En effet, les entreprises sont centrées sur:

  • La valorisation de la performance: avoir des résultats, être efficace
  • La pression d’une amélioration de soi permanente: il faut progresser, «se challenger» continuellement
  • La multiplication de procédures et de process de contrôle qui réduit l’autonomie individuelle et déresponsabilise
  • La polyvalence qui amène les collaborateurs à sortir constamment de leur zone de confort

Alors, comment faire pour mieux vivre et répondre à ces nouveaux besoins? Comment combler ces nouveaux besoins existentiels?

Citons quelques leviers individuels pour mieux vivre et répondre à ces nouveaux besoins:

Réduire la comparaison avec les autres pour remonter son niveau de satisfaction

  • Limiter les réseaux sociaux et viser de vrais moments d’abstinence numérique
  • Développer des relations réelles avec les autres en recréant de vrais contacts, du présentiel

Se fixer ses propres critères de réussite, trouver un sens à sa vie même si cela peut prendre toute une vie!
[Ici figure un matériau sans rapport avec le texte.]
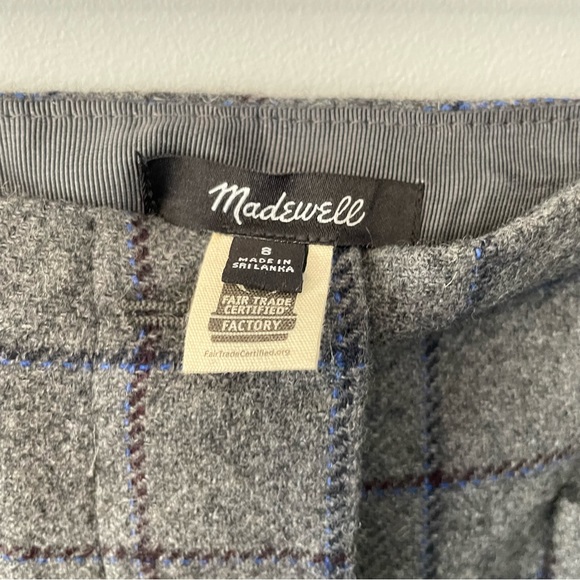 Madewell Wool Button-Down Mini Skirt in Windowpane - Picture 4 of 6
  • Réfléchir sur ses besoins
  • Identifier et développer ses talents

Aller vers moins de décisions impulsives, être persévérant

  •  Se laisser du temps et maintenir des efforts pour réussir dans ce qu’on entreprend: «je ne change pas de projet de vie toutes les 5 minutes». Il faut 10 ans pour faire du piano…la patience et les efforts sur le long terme doivent être valorisés
  • Prendre du recul sur sa vie, valoriser ce qui va bien plutôt que toujours remarquer ce qu’il nous manque. Exprimer de la gratitude par rapport à sa situation

 Se donner des objectifs atteignables

  • Accepter l’imperfection et vivre avec
  • Comprendre et accepter que dans une vie, il y a des bonheurs mais aussi des périodes plus difficiles et sombres

Revenir à des activités concrètes

  • Pratiquer un sport, marcher, se reconnecter à la nature
  • Développer des activités dont le résultat est visible, concret et procure du plaisir: peinture, écriture, cuisine, jouer d’un instrument, etc.

Construire du sens

  •  S’investir dans son travail
  • Avoir des projets
  • Développer des relations

Accepter qu’il n’y ait pas «de réponse parfaite»

  •  Pas de job parfait
  • Pas de famille parfaite
  • Pas de vie parfaite

Vers une nouvelle lecture des besoins humains

Les évolutions sociales, technologiques et professionnelles invitent à repenser la pyramide de Maslow. Les besoins actuels ne sont plus uniquement matériels, ils deviennent profondément existentiels et spirituels.

On pourrait formaliser alors, une nouvelle pyramide pour décrire la nouvelle hiérarchie des besoins:

Dans un monde marqué par l’hyperconnexion et l’intelligence artificielle, les grands défis à venir seront probablement liés à la qualité du lien humain, au sens et à la santé mentale.

Il devient alors essentiel de proposer une nouvelle lecture des besoins humains, adaptée aux réalités du XXIe siècle.